Uncle Tom's Cabin is one of the most influential novels ever written by an American.  The American imagination was primed for Stowe's novel in the 1850's.  Harriet Beecher Stowe created a text that would advocate on behalf of the oppressed and pave the way for a more egalitarian democracy.  She illustrated the evils of slavery with a moving, character-driven story, inspired by her own divine visions.  Uncle Tom's Cabin accelerated the rise of abolitionism in the North.  When Abraham Lincoln met her in 1862 he made the comment:  "So you're the little woman who wrote the book that made this great war!"  Uncle Tom's Cabin was the single most influential book that fueled the Civil War [http://www.harrietbeecherstowecenter.org/hbs/].

Uncle Tom's Cabin contributed to the outbreak of war by personalizing the political and economic arguments about slavery.  Stowe's informal, conversational writing style inspired people in a way that political speeches, tracts and newspaper accounts could not.  Uncle Tom's Cabin helped many 19th century Americans determine what kind of country they wanted.  In Uncle Tom's Cabin, Harriet Beecher Stowe has one goal:  to convince her northern audience that slavery was evil and could no longer be tolerated.  This was not an easy task in the 1850s.  Her novel hit the country like a bombshell.  Perhaps no other work of literature has influenced history as powerfully as Stowe's landmark antislavery novel.  It was largely responsible for alerting the reading public to the evils of slavery.  The novel's portrayal of the warmth and human dignity of Uncle Tom and his fellow slaves, made to suffer at the hands of their owners, put a face on the abstract notion of slavery and ignited unprecedented interest from the reading public [http://www.harrietbeecherstowecenter.org/hbs/].
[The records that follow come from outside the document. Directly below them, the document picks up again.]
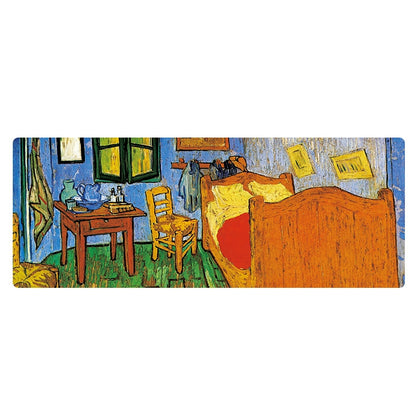 Am002 Large Oil Painting Desk Rubber Mouse Pad, 300x800x5mm Stitched Edges, 400x900x4mm Stitched Edges, 400x900x5mm Stitched Edges, 300x800x1.5mm No Stitched Edges, 300x800x3mm Stitched Edges
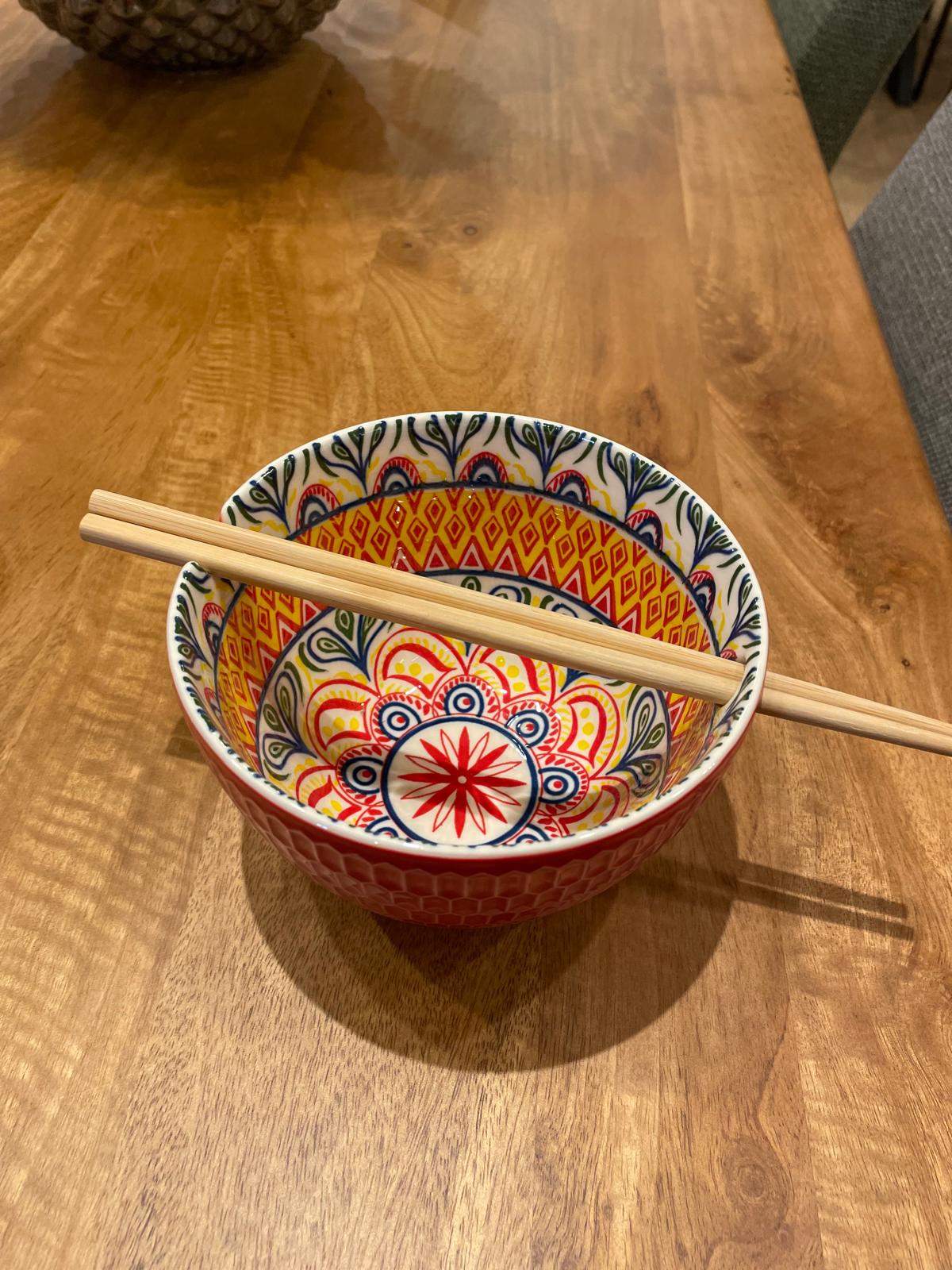 Red Patterned Bowl With Chop Sticks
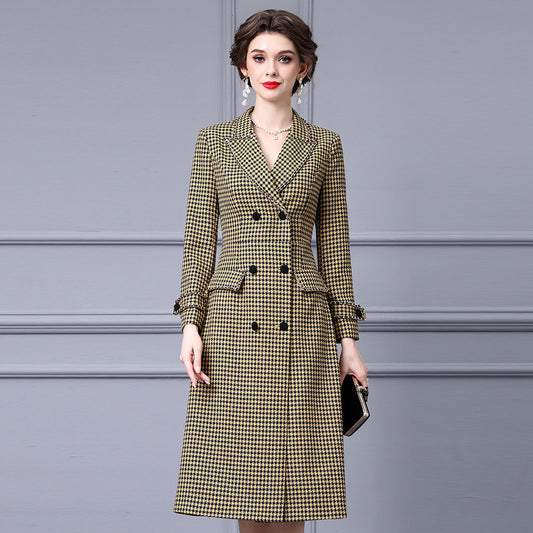 MXX215 Bird Grid waist show thin Dress
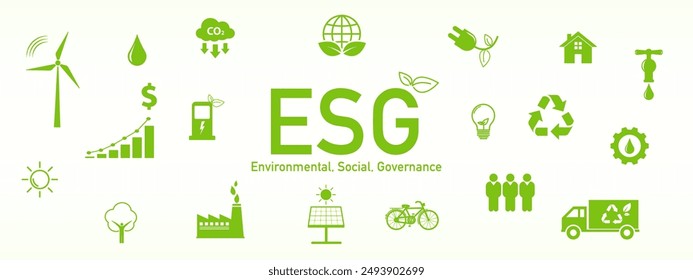 Background Banner for Sustainability development, ESG, green energy, sustainable industry, ecological production concept. Environmental, Social, Corporate Governance, Vector illustration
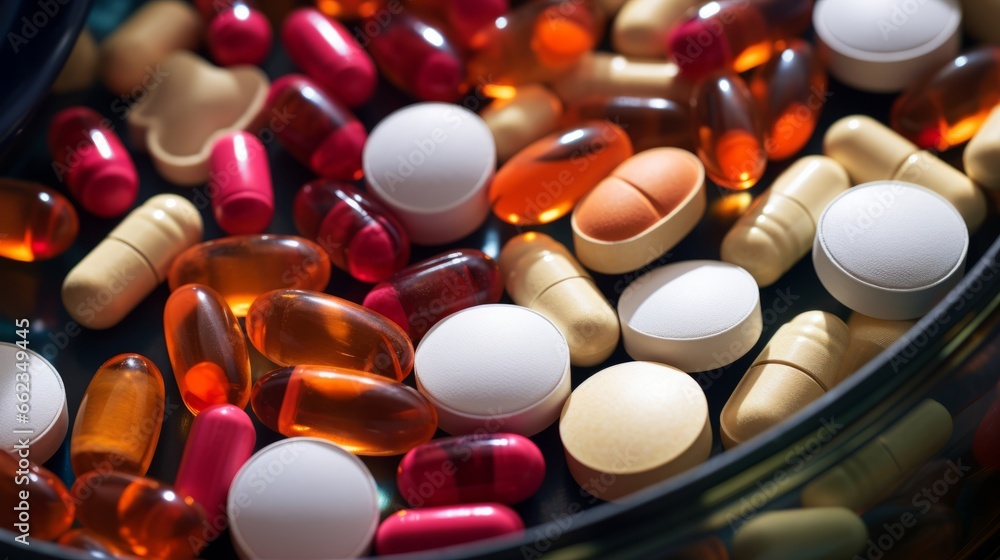 A set of Pills. Medication, pharmaceuticals, tablets, capsules, prescription drugs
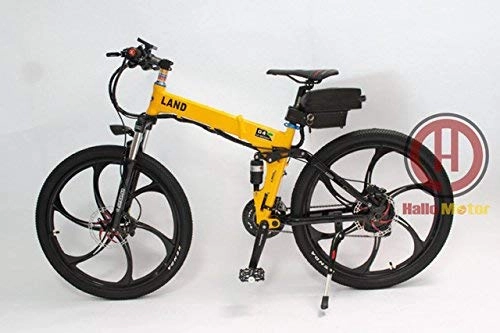 Folding Electric Mountain Bike : HYLH 48V 500W Magnesium Alloy Integral Wheel Ebike Yellow Foldable Frame Electric Bicycle With LCD Display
Harriet Beecher Stowe's Uncle Tom's Cabin and Frederick Douglass' Narrative of the Life of Frederick Douglass provided insight into the anti-slavery movement and the abolitionist movement from 1820-1860.  These texts discuss slavery as a social and economic system in the nineteenth century.  No institution had greater influence on race relations than slavery.  We can't understand race in America today without understanding slavery.  Frederick Douglass and Harriet Beecher Stowe were two very different authors of classic works.  Douglass escaped bondage to become the most influential black abolitionist.  Stowe wrote the novel that was the most influential in American history.  As a former slave, Douglass knew this subject well and in his powerful autobiography, he brings out slavery's corrupting influence - its brutalization of both the owner and the owned [http://www.harrietbeecherstowecenter.org/utc/impact.shtml].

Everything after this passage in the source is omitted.